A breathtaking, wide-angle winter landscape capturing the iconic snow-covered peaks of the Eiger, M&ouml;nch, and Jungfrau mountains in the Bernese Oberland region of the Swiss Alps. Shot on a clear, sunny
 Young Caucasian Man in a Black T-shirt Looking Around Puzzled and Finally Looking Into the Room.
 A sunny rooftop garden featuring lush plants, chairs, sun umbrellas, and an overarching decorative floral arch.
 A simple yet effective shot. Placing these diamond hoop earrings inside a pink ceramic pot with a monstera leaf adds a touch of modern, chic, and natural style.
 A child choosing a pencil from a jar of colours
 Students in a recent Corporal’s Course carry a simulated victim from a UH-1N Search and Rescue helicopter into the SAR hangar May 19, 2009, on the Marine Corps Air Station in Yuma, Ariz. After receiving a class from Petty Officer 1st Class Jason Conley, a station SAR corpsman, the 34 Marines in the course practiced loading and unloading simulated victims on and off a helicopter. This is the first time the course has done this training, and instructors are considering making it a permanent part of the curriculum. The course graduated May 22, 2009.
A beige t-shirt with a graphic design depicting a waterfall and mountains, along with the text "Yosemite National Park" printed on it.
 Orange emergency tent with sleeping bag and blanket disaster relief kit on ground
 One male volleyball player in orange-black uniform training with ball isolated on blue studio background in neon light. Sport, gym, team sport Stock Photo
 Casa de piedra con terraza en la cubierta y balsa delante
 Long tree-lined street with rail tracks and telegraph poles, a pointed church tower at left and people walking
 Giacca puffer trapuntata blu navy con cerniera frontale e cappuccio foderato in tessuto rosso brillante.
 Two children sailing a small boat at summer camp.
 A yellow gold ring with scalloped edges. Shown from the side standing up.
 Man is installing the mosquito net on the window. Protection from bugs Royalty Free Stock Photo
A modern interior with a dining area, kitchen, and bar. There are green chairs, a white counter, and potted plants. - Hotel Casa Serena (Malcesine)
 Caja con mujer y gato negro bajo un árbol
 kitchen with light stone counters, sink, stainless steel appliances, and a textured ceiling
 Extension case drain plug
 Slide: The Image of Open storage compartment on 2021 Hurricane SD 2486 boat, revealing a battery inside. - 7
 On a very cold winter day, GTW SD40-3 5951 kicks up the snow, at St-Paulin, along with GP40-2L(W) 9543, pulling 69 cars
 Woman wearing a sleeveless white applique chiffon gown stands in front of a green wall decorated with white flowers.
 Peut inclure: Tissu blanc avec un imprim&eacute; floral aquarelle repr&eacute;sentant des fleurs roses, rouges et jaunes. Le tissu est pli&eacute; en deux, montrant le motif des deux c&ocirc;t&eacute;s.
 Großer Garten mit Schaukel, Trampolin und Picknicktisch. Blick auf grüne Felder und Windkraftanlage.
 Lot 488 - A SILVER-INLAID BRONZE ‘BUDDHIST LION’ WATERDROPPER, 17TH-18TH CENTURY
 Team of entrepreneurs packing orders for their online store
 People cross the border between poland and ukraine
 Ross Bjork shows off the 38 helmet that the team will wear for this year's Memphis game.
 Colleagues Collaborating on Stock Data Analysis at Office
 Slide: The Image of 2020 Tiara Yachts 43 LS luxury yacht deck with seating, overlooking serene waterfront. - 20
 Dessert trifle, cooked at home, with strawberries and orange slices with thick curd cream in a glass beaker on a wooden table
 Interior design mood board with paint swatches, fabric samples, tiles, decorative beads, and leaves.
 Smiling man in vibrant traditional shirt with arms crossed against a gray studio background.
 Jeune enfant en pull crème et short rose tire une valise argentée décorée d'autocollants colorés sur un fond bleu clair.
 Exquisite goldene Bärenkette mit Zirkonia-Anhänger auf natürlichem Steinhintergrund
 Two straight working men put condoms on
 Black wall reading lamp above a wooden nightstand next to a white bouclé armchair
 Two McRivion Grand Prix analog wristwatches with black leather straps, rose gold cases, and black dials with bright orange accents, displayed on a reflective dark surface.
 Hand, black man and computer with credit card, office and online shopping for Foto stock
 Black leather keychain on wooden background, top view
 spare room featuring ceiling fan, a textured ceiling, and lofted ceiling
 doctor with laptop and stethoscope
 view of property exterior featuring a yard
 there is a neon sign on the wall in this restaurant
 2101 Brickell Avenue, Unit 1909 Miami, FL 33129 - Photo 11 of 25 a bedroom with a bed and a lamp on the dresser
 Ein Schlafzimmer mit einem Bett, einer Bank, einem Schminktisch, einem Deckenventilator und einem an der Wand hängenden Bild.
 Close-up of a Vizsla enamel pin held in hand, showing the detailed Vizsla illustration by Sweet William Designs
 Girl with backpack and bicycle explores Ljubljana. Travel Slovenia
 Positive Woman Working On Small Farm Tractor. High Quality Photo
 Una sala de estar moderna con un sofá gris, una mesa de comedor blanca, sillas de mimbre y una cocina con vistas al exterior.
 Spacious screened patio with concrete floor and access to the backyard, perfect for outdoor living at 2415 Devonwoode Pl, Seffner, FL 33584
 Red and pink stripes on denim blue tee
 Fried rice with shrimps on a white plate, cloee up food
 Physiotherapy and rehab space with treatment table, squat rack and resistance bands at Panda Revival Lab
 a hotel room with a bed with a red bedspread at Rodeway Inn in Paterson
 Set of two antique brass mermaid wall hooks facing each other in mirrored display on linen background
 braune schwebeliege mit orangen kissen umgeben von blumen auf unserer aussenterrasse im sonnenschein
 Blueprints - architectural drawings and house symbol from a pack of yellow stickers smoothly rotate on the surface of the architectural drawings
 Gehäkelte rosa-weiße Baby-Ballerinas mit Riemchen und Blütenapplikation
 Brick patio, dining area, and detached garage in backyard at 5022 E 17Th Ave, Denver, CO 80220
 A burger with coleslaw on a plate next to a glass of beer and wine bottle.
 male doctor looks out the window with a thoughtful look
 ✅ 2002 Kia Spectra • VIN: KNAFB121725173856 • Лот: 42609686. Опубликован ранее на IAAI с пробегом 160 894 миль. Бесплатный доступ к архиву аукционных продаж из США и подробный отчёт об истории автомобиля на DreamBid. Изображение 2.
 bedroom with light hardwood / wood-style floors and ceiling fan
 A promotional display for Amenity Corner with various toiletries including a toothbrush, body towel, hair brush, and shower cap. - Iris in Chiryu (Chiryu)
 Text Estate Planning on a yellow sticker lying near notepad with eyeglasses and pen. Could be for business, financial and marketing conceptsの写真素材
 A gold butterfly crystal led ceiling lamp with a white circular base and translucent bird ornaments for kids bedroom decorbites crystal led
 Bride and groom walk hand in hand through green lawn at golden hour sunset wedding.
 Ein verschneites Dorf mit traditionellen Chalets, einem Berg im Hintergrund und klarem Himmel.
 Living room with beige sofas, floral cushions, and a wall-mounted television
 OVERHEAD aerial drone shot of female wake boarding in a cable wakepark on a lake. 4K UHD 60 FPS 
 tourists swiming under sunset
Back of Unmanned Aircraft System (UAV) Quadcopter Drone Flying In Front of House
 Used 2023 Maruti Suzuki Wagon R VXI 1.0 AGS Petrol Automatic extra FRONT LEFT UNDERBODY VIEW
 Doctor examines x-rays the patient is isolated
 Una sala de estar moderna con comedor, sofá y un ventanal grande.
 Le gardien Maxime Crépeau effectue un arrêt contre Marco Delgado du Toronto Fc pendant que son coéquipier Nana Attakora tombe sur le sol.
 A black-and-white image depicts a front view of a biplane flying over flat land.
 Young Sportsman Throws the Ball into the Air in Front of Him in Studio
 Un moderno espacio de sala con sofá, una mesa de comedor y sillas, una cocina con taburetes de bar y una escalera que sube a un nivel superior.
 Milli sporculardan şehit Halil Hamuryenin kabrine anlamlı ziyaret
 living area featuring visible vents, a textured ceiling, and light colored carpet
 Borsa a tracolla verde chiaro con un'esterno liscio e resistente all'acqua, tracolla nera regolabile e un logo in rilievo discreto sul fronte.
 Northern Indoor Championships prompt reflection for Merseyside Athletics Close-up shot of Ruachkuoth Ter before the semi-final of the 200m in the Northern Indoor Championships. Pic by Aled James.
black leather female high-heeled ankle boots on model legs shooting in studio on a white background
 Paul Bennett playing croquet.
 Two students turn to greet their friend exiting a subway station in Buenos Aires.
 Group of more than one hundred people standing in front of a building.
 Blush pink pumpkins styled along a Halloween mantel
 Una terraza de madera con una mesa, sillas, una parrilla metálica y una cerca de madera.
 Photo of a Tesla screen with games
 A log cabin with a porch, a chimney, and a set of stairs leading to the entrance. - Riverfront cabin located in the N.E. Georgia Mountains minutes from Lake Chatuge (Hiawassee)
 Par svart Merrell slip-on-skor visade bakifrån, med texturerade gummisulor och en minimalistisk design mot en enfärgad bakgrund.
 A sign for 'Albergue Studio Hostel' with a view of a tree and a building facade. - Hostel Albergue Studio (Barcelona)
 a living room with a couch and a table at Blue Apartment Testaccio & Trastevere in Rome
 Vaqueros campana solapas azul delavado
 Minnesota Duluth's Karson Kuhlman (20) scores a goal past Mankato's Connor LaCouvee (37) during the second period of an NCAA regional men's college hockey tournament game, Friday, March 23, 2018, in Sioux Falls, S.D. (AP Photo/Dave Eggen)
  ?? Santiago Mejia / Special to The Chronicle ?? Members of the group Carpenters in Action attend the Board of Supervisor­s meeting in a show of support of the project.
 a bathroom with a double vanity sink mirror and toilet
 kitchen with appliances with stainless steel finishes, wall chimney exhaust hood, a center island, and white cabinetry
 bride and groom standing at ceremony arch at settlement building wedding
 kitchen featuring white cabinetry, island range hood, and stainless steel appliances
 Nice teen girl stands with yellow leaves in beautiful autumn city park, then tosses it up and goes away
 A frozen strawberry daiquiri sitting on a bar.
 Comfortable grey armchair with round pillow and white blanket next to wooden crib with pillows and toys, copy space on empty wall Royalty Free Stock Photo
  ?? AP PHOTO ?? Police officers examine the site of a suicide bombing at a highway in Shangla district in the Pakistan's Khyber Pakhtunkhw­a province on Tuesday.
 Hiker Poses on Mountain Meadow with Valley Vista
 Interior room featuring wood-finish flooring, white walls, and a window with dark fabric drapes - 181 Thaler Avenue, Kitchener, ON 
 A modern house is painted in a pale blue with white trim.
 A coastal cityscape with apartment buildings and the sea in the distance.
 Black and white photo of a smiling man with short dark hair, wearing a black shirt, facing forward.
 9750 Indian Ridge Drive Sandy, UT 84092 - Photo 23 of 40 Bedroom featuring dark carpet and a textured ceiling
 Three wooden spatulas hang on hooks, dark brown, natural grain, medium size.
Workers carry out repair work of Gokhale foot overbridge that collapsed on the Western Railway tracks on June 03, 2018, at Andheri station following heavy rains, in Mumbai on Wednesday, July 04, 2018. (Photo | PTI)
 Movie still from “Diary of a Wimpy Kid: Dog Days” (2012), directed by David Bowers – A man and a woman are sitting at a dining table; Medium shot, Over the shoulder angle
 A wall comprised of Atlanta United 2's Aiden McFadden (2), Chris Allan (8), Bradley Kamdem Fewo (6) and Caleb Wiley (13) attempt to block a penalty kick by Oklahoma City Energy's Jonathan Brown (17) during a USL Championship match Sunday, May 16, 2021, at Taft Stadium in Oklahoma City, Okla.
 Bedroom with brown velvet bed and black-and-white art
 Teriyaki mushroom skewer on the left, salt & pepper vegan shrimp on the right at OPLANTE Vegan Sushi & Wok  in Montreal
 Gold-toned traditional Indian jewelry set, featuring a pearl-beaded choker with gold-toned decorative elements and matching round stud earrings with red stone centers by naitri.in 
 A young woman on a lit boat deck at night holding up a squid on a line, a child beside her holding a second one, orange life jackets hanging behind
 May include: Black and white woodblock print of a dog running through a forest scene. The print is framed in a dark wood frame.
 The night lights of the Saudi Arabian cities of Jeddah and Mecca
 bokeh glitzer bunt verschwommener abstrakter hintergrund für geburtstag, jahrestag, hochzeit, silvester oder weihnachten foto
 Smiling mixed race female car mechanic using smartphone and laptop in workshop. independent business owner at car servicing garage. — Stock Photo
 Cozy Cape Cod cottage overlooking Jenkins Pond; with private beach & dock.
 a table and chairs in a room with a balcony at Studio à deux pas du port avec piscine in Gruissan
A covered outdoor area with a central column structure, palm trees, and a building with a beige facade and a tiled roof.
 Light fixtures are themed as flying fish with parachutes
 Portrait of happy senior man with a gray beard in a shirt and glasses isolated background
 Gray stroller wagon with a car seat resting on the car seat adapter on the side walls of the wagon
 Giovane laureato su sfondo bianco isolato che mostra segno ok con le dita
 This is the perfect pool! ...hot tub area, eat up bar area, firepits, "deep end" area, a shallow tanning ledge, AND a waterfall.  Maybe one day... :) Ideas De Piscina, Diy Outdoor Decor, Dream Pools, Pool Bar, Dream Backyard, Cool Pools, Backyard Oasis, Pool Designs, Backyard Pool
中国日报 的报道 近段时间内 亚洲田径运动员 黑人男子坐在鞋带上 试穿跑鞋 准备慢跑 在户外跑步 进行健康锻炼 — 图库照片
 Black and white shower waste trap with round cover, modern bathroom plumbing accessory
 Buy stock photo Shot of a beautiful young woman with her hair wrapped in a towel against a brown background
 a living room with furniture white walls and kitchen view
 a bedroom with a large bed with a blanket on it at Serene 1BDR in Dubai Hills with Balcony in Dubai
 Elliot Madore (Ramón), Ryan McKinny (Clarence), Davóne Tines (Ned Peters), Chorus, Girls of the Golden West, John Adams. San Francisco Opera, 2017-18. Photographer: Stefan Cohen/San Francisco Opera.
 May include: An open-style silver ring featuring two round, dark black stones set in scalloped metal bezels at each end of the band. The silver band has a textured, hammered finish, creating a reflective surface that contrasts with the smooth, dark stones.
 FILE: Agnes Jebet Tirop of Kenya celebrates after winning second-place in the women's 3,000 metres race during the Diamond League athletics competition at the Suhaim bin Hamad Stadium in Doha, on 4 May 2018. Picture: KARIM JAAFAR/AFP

_ _ _ _

**WHAT NEEDS TO BE DONE**
Word for word, reproduce the lines of the listing from the first one through the line containing "A simple yet", and no more.

**ANSWER SPACE**
A breathtaking, wide-angle winter landscape capturing the iconic snow-covered peaks of the Eiger, M&ouml;nch, and Jungfrau mountains in the Bernese Oberland region of the Swiss Alps. Shot on a clear, sunny
 Young Caucasian Man in a Black T-shirt Looking Around Puzzled and Finally Looking Into the Room.
 A sunny rooftop garden featuring lush plants, chairs, sun umbrellas, and an overarching decorative floral arch.
 A simple yet effective shot. Placing these diamond hoop earrings inside a pink ceramic pot with a monstera leaf adds a touch of modern, chic, and natural style.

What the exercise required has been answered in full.